### Work task
Using the listing below, output only the lines from the one that contains "bridal stylish arm mehndi design" through the one that contains "Dept 56 Department", inclusive, exactly as given and without images.

### Given entries

-*-

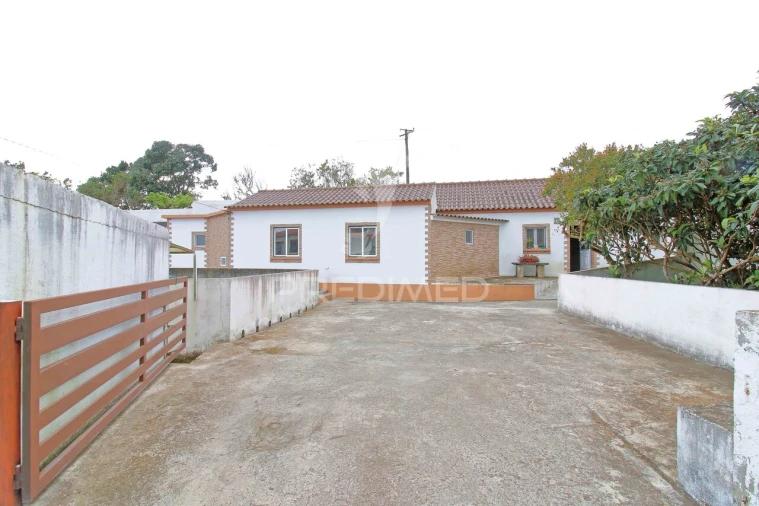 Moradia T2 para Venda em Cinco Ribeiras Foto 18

-*-

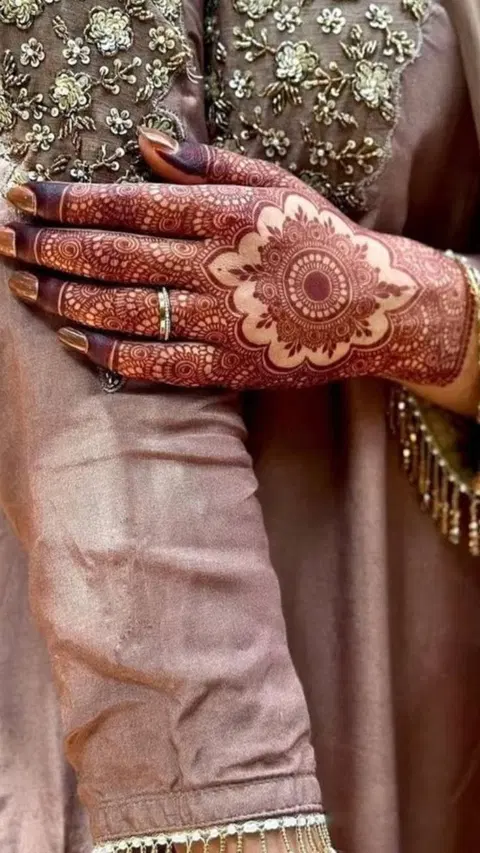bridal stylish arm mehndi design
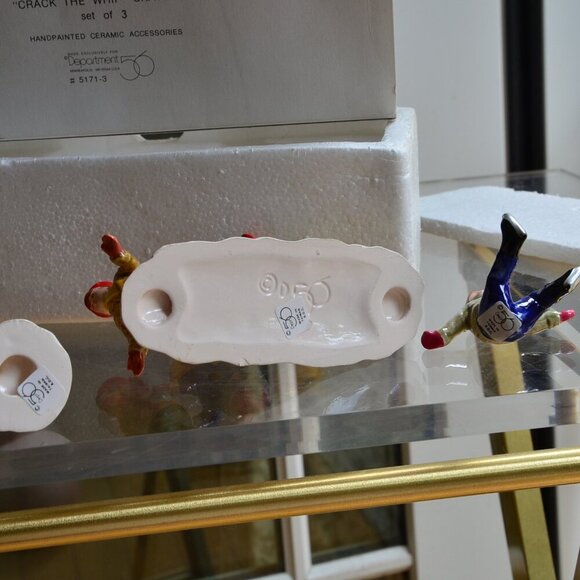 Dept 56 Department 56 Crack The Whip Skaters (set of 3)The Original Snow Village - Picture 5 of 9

-*-

### Worked solution
bridal stylish arm mehndi design
 Dept 56 Department 56 Crack The Whip Skaters (set of 3)The Original Snow Village - Picture 5 of 9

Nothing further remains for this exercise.